The ad industry had their chance, and they blew it not only for themselves, but for those who depend on them to make money because nobody wants to pay for anything on the net when they already pay at least fifty bucks a month to their ISP. Instead of providing a legitimate public service, they tried to turn the Web into TV 2.0.
AC is right. Instead of 'running ads', you are the ad.
The difference is that I'm up-front about it. If you were to punch up my site at starbreakerseries.com, it would be pretty damn obvious that the site exists to promote my fiction. My shit isn't cluttering up your reading experience at other sites. Facebook and Twitter aren't going to clutter your feeds with ads like "Angry wizard sex! Check it out at starbreakerseries.com!" If you're at my site in the first place, it's most likely because you already bought my book and want to see if the next one's out yet.
My site is a first-party ad for my own work. I don't see any hypocrisy in condemning third-party ads or sites that use them.

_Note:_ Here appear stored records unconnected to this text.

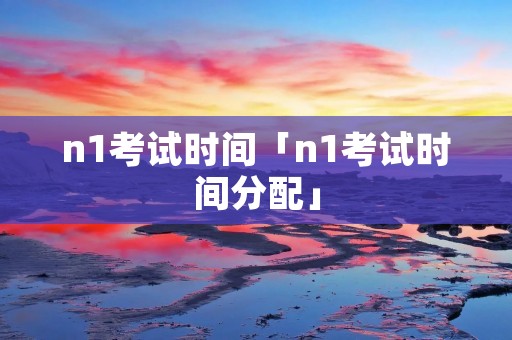 n1考试时间「n1考试时间分配」 n1考试时间「n1考试时间分配」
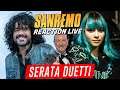SANREMO 2021 REACTION LIVE SERATA DUETTI !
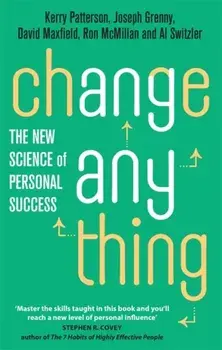 Change Anything. The new science of personal success, Paperback/Al Switzler
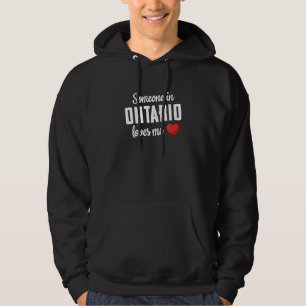 Jemand in Ontario liebt mich Hoodie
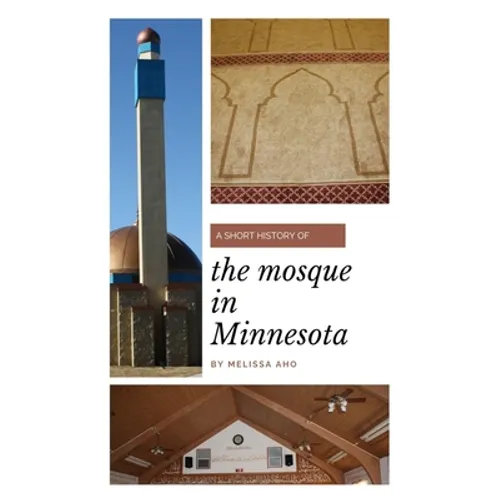 A Short History of the Mosque in Minnesota - Paperback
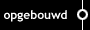 opgebouwd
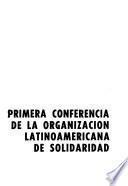 Primera conferencia de la Organización Latinoamericana de Solidaridad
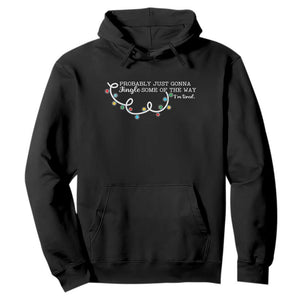 Funny Probably Just Gonna Jingle Some Of The Way I'm Tired Hoodie TS11 Black Print Your Wear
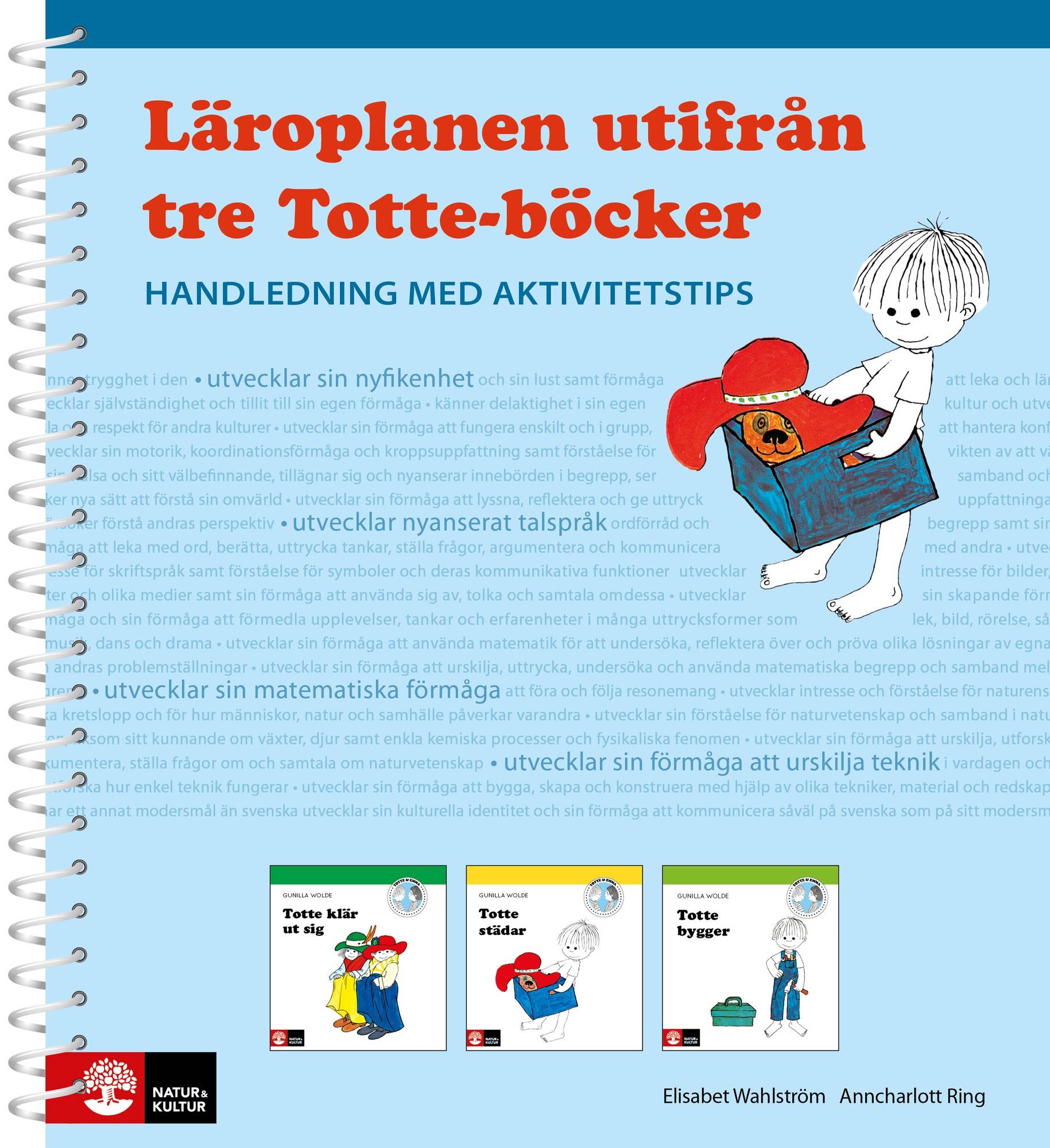 Läroplanen utifrån tre Totte-böcker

In addition using they/their in a singular fashion is considered to be improper use by many in grammar.
I've heard the same said about passive voice, and starting a novel by describing the weather. I'm not in the habit of following rules off cliffs. Until the prescriptivists who insist that singular they/their as a gender-neutral pronoun come up with a better alternative, they're welcome to kiss my fat New Yorker ass.
Because their logic is that if you use any gender specific pronouns you are, by default, misogynistic?
I thought their logic was that using the male pronoun for persons of unknown gender or in contexts where gender ought to be irrelevant is both unnecessary and sexist - even if it used to be standard usage. How hard is it to use they/their instead of he/his? I manage it easily enough.